Quant à la conception de l’égalité qui devrait occuper le centre d’une société républicaine, elle n’a rien à voir avec le fantasme de nivellement et l’organisation centralisée qu’attaquent les néo libéraux d’aujourd’hui lorsqu’ils entreprennent de montrer que le projet même d’une justice sociale est incohérent et porteur d’oppression. Mais elle n’a rien à voir non plus avec l’universalisme moral prétendu qu’ils appellent de leur vœux et dont la seule fonction est de dissimuler la toute puissance des valeurs marchandes.
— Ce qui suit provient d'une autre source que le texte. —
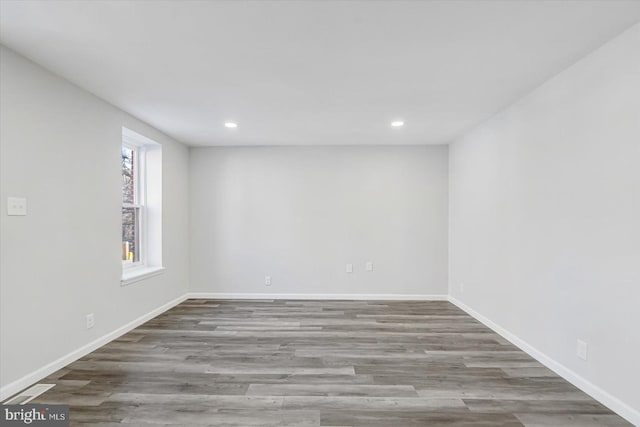 spare room with hardwood / wood-style floors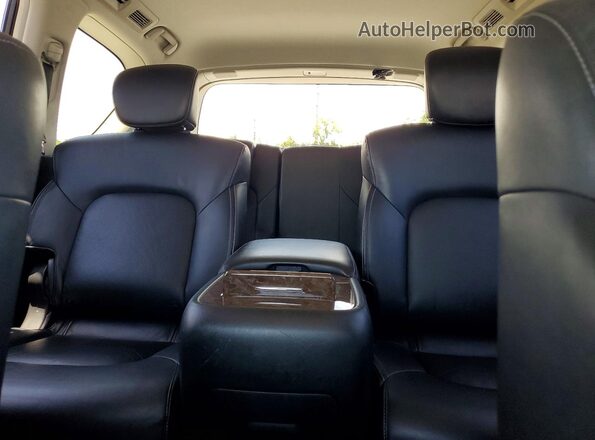 JN8AZ2NE1G9122015 2016 INFINITI QX80 White Vista de los asientos traseros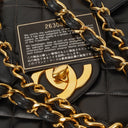 Chanel Maxi CC Classic Single Flap Maxi Logo Bag Black Quilted Lambskin 24K Gold-Plated Hardware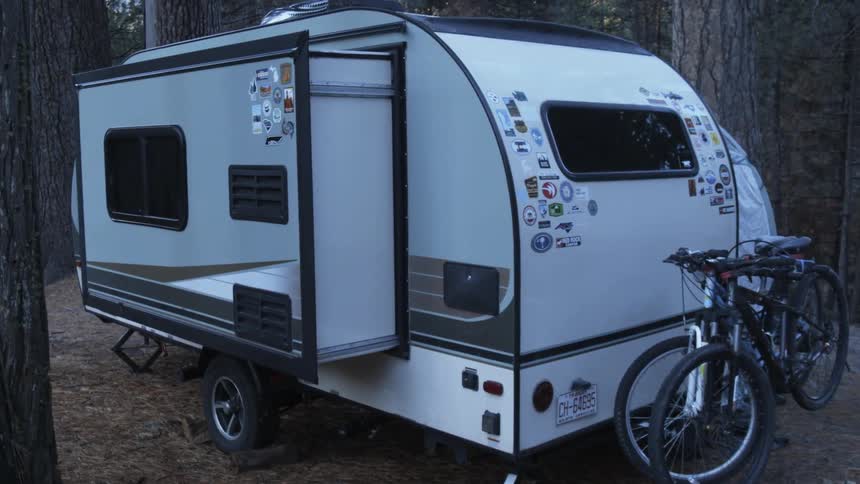A popup camper is set up at a campsite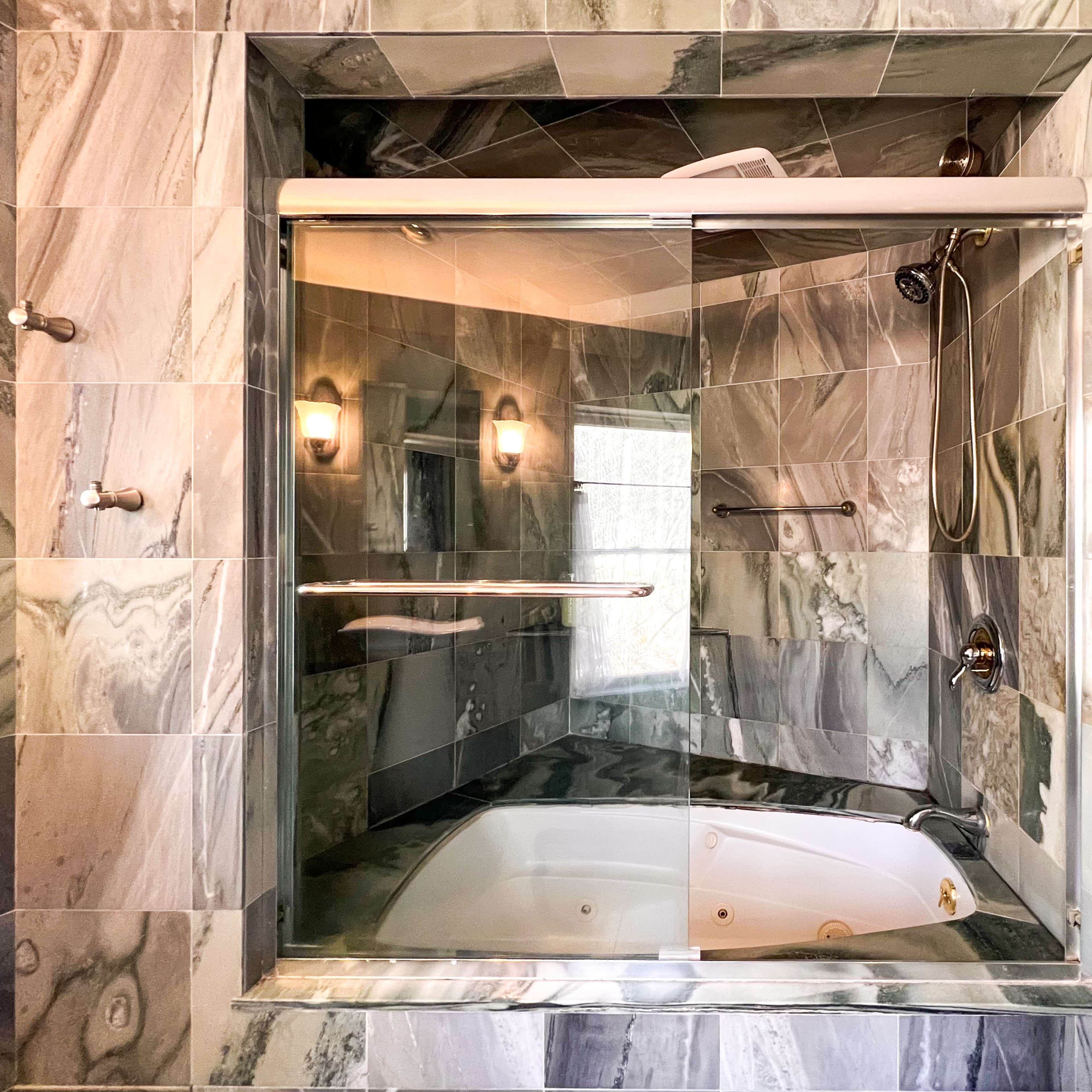 A bathroom featuring a glass-enclosed shower next to a white, oval bathtub, with walls adorned in patterned gray stone tiles.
Dans Théorie de la Justice, John Rawls donne en effet trois raisons différentes pour lesquelles une théorie de la légitimité politique, c’est à dire une théorie de la légitimité de l’emploi de la contrainte pour imposer aux citoyens le respect de règles de coexistence sociale – donc une théorie de la liberté moderne – doit se pencher en priorité sur la structure institutionnelle de base de la société et non pas sur les actions et interactions individuelles, sur le contexte dans lequel les individus sont situés et non pas sur les droits qu’ils possèdent les uns par rapport aux autres. Ces raisons convergent en une intuition unique : dans les conditions contemporaines, le système des interactions entre les individus régi par des règles impersonnelles d’échange aboutit à une inégalité injuste. Ces trois raisons nous donnent donc la clef de ce que doit être une conception républicaine de l’égalité.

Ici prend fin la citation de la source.